The Fear of Missing Out
The mainstream notion of “the fear of missing out” is fundamentally flawed. When we truly take time to think about it—when we consider the staggering scale and complexity associated with absolutely everything that we could ever do in our entire life—we actually accomplish very little in our lives. Irrespective of the degree of ambition or initiative we have to cross off every item on our bucket lists, we nonetheless exhaust an infinitesimally small fraction of this daunting, infinite realm of possibility. The far more profound realization that we can make is that we all “miss out” equally.

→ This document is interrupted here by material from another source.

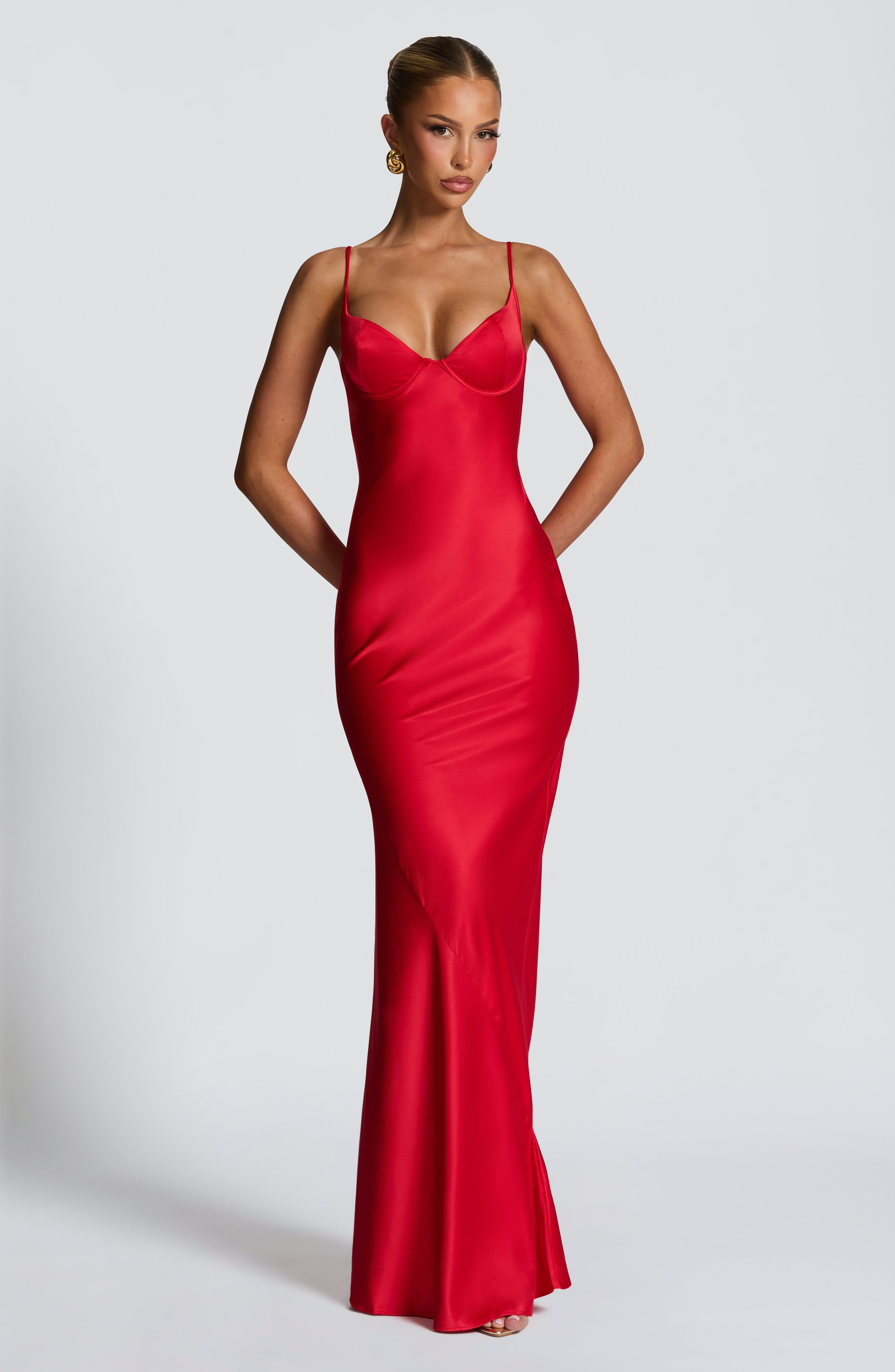 Babyboo Athena Maxi Dress in Red Size XL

“The fear of missing out” makes no real distinction between variety of activity and uniqueness of life experience; it is predicated on a spurious assumption that having more types of activities is inherently good, as it purportedly allows for more variation in our actual unique experience of life itself. But what if the nature of our experience of life is as much about what we don’t experience versus what we do experience? We are primarily defined by the interconnected sum of all the moments in our lives—regardless if they were moments of happiness or sadness, of pride or shame, of momentous importance or stark inconsequentiality, of abundant joy or woeful oppression—not the moments themselves; this ultimately means that the present act of interposing more variety of activity—by way of sparse and loosely related activities, at that—barely affects that collective sum. We are who we are only because of the incredibly specific set of circumstances that belong only to ourselves.
Virtually every individual who did anything remotely important in this world only did what they did because of the very specific way by which they chose to go about their lives. If we truly believe in a “fear of missing out,” all the success stories we learn about are actually failure stories. Martin Luther King, Jr. would be a failure; why didn’t he feel obligated to travel the world, go to more festivities, or get involved in more hobbies, when he instead consigned himself to the strife associated with leading and advocating for the civil rights of his people? Steve Jobs would be a failure; ninety hours of work per week is certainly going to increase his chances of missing out on all the joy and entertainment he could have going out with his friends or family.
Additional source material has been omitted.